Myanmar had cleared the names of 3,450 Rohingyas from a list of 22,000 plus. In early August, Bangladesh provided the approved list to the UNHCR in Dhaka and sought its assistance in assessing their willingness to return to Myanmar.

Accordingly, officials of the UN High Commissioner for the Refugees (UNHCR) in Bangladesh and of the RRRC office conducted the assessment of 339 families out of 1,037 cleared by Myanmar.

“The process of assessing voluntariness will continue. We will see if anybody wants to return. The vehicles we have arranged [for their transportation to transit camps] will also remain ready,” Abul Kalam said.

On Myanmar’s efforts, Dhaka University’s Prof Imtiaz said a delegation from the country had visited Rohingya camps in July, while the Myanmar’s Independent Commission of Inquiry visited the camps this week.

“The purpose of all these initiatives, as well as the repatriation move, are attempts to prove in the UN General Assembly in September that it has been sincere. It has actually been not,” he said.

Myanmar is under pressure as two years have passed since the Rohingya influx and the International Criminal Court is moving to investigate the crimes, he said.

The first attempt at repatriation on November 15 last year also failed for similar reasons, as the Rohingyas had raised the same concerns and demands back then too.


Despite the mechanisms for the repatriation being ready, a lack of trust in Myanmar among the Rohingyas continues to exist.

“How can we believe we will be allowed to go to our houses?” a Rohingya man said, echoing many others living in some of the world’s largest refugee camps in Cox’s Bazar, home to some 1.1 lakh Rohingyas.

Over 742,000 of them fled military atrocities including killings, rapes, tortures, burning of houses in Rakhine State since August 25, 2017.

Foreign Minister AK Abdul Momen said it was regrettable that none of the Rohingyas interviewed as of yesterday was willing to return.

“Rohingyas lack trust [in Myanmar]. They fear that the safety and security in Rakhine is not enough. Therefore, the Rohingya leaders should be taken to Rakhine to prove that the situation there has improved,” Momen said.

“We were expecting repatriation to start. We are not losing hope. We’ll continue to work on repatriation.”

Asked about the Rohingyas’ demands, he said, “We cannot be held hostage to their demands. They have to achieve those after they return to their homeland.”

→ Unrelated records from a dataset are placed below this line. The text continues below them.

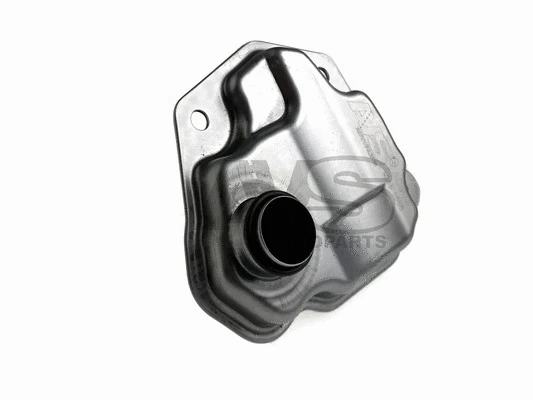 Hydraulic Filter, automatic transmission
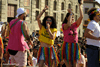 2023 07 08 - 18ª Marcha do Orgulho LGBTI+ do Porto - Arraial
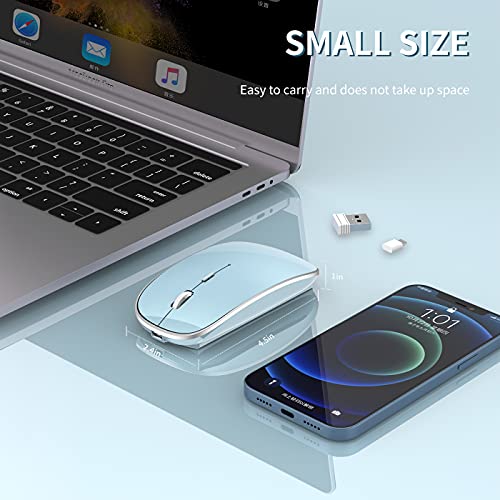 Mouse De Computadora, Personal Computer Imagen adicional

If the Rohingyas stay here longer, they won’t be comfortable, he said, adding that the Bangladesh government had already spent around Tk 2,500 crore for them and the donors may not be interested to release more funds in the future.

Meanwhile, in a statement yesterday, UNHCR said it appreciated the consistent commitment by the government of Bangladesh to ensure that the refugees’ decisions would be respected. UNHCR has agreed with Bangladesh and Myanmar that any repatriation of refugees must be voluntary, safe and dignified.

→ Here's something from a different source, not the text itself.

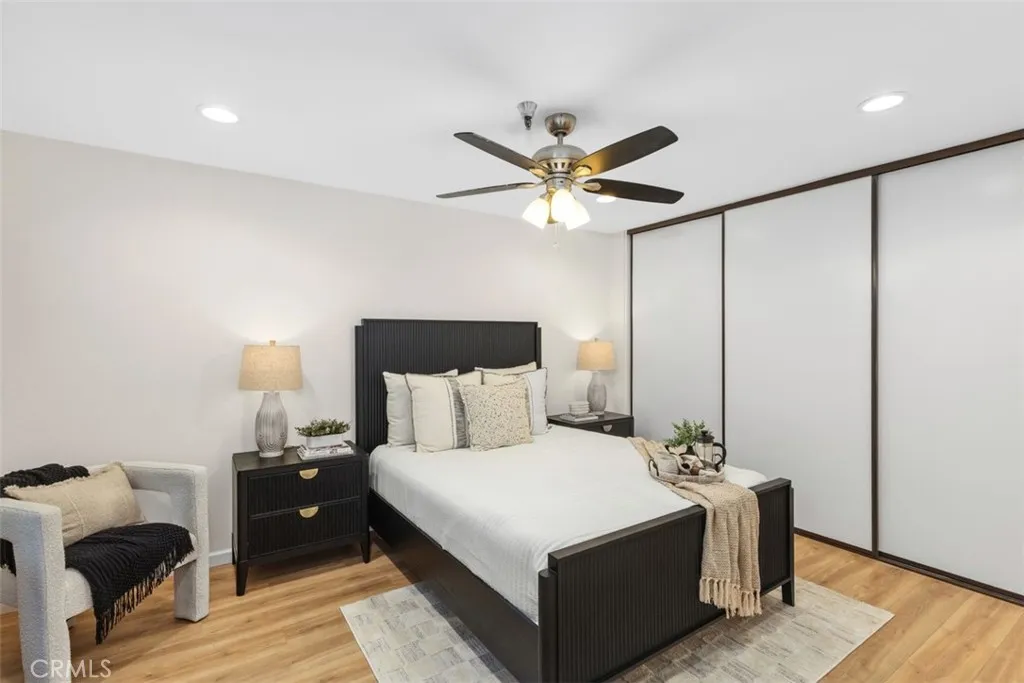 Additional image 43 of 56 Windjammer, Irvine, CA 92614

A parliamentary body yesterday asked the foreign ministry to find out whether any non-government organisation was misleading Rohingyas and convincing them to not return to Myanmar.

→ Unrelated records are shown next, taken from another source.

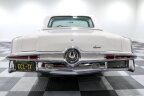 Thumbnail Photo 6 for 1966 Chrysler Imperial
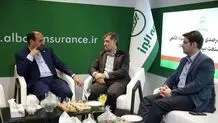 راه میان بُر برای تحول در صنعت بیمهد بکارگیری فناوری‌های نوین است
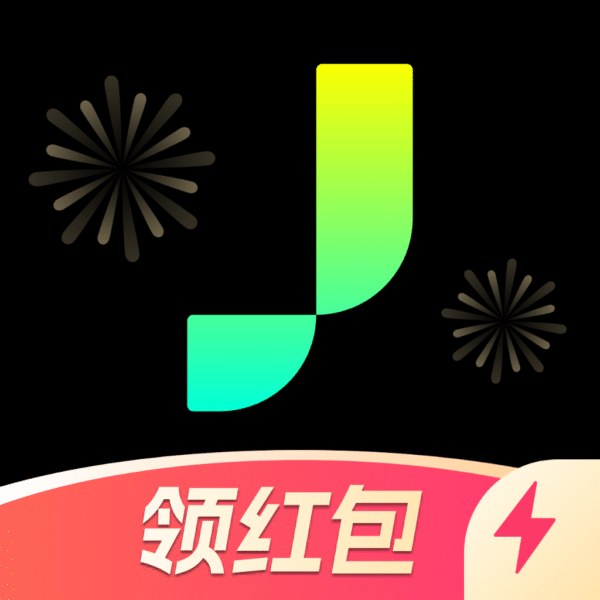 蕉果短剧 3.1.6_绿色下载网_苹果APP_蕉果短剧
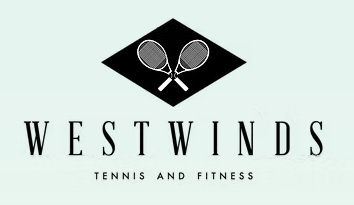 West Winds Tennis & Fitness Center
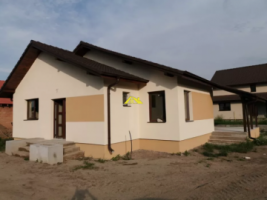 casa-alba-micesti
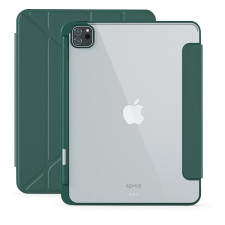 Epico Hero Flip iPad Pro 11" (M4) zöld tablet tok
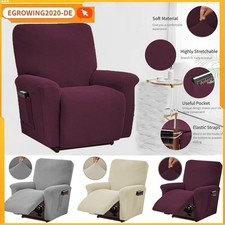Relaxsessel Stretch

The parliamentary standing committee on the foreign ministry came up with the directive as several members of the House watchdog alleged that a number of NGOs were engaged in ensuring the refugees do not return.

“The committee has asked the foreign ministry to identify those NGOs and to oversee activities of all NGOs working in Cox’s Bazar on the Rohingya issue,” said a member of the committee wishing anonymity.

The parliamentary watchdog also asked the ministry concerned to enhance diplomatic efforts to rehabilitate the Rohingyas to their own country soon.

It asked the ministry to take a delegation of Rohingyas to Rakhine to give them a firsthand experience of the situation there in a bid to convince them to return.

The committee also asked the ministry to arrange visits to Vietnam, Thailand and Singapore for the members of the parliamentary body for holding talks with those countries on the Rohingya issue.

Awami League MP and chief of the parliamentary committee Faruk Khan presided over the meeting at the Jatiya Sangsad Bhaban.

Earlier yesterday, Foreign Minister AK Abdul Momen said the government would take actions against organisations working against repatriation. “We are identifying them,” he told reporters at his office.